__WORK INSTRUCTIONS__: From the material below, reproduce exactly the stretch of lines that begins with the line holding "ESKA Summer City w Miliczu na basenie Karłów" and ends with the line holding "Современный Гибридный комплект", skipping the pictures.

__RECORD EXCERPTS__:

________________________

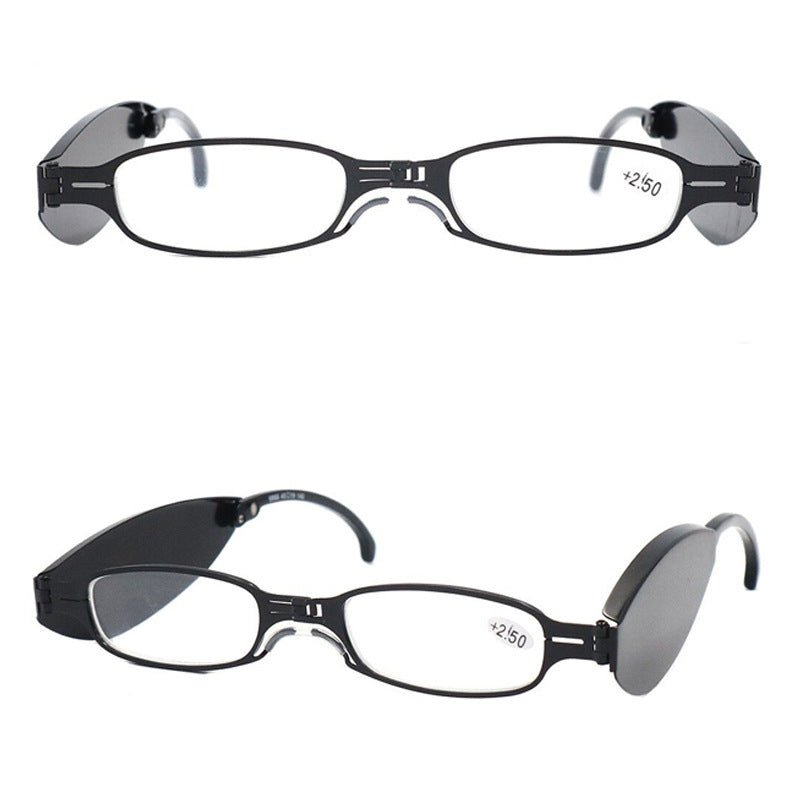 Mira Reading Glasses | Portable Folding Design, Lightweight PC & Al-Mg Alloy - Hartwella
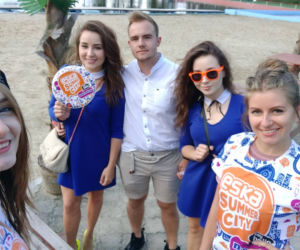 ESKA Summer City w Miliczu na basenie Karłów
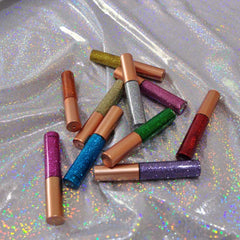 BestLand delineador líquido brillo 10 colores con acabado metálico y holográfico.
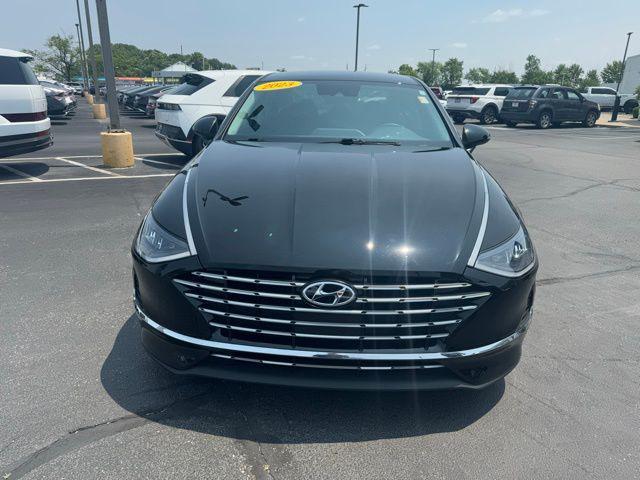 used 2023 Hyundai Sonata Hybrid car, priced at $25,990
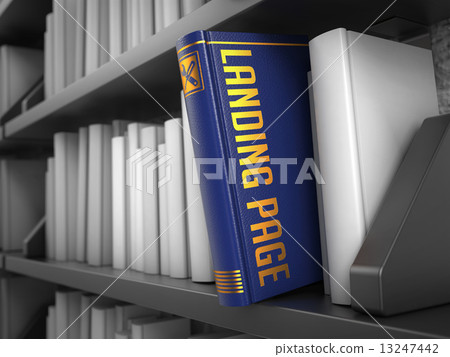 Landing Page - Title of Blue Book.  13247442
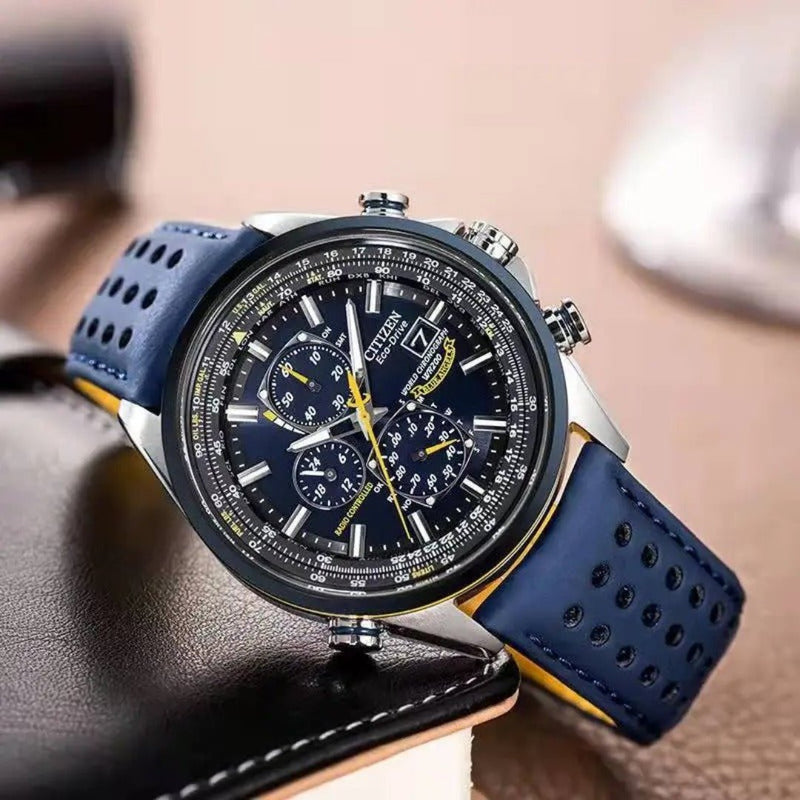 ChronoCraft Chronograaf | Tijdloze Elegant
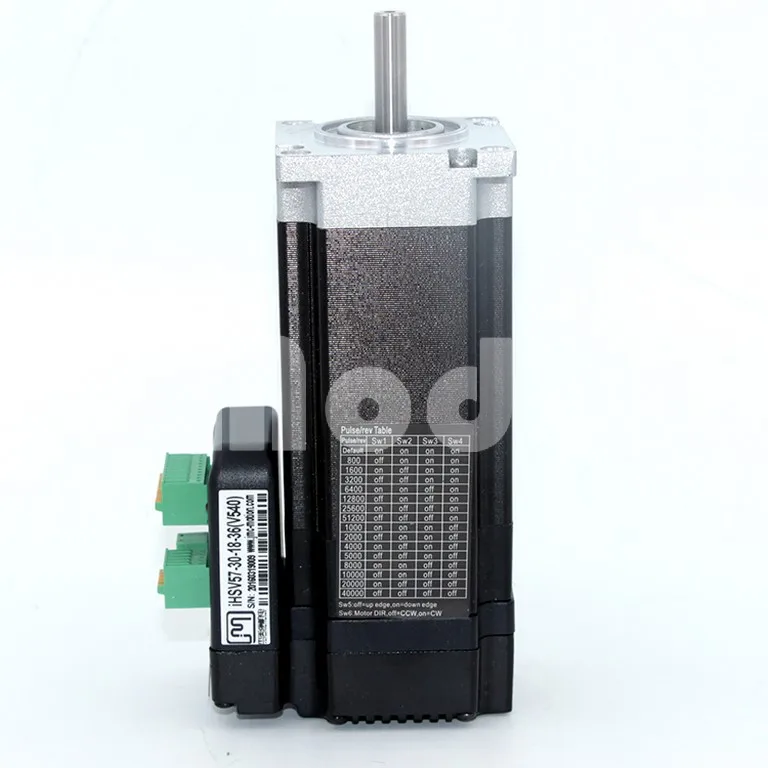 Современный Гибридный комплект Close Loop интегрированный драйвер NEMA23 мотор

________________________

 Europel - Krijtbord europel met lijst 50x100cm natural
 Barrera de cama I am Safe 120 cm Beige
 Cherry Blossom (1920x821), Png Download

________________________

__COMPLETED EXERCISE__:
 ESKA Summer City w Miliczu na basenie Karłów
 BestLand delineador líquido brillo 10 colores con acabado metálico y holográfico.
 used 2023 Hyundai Sonata Hybrid car, priced at $25,990
 Landing Page - Title of Blue Book.  13247442
 ChronoCraft Chronograaf | Tijdloze Elegant
 Современный Гибридный комплект Close Loop интегрированный драйвер NEMA23 мотор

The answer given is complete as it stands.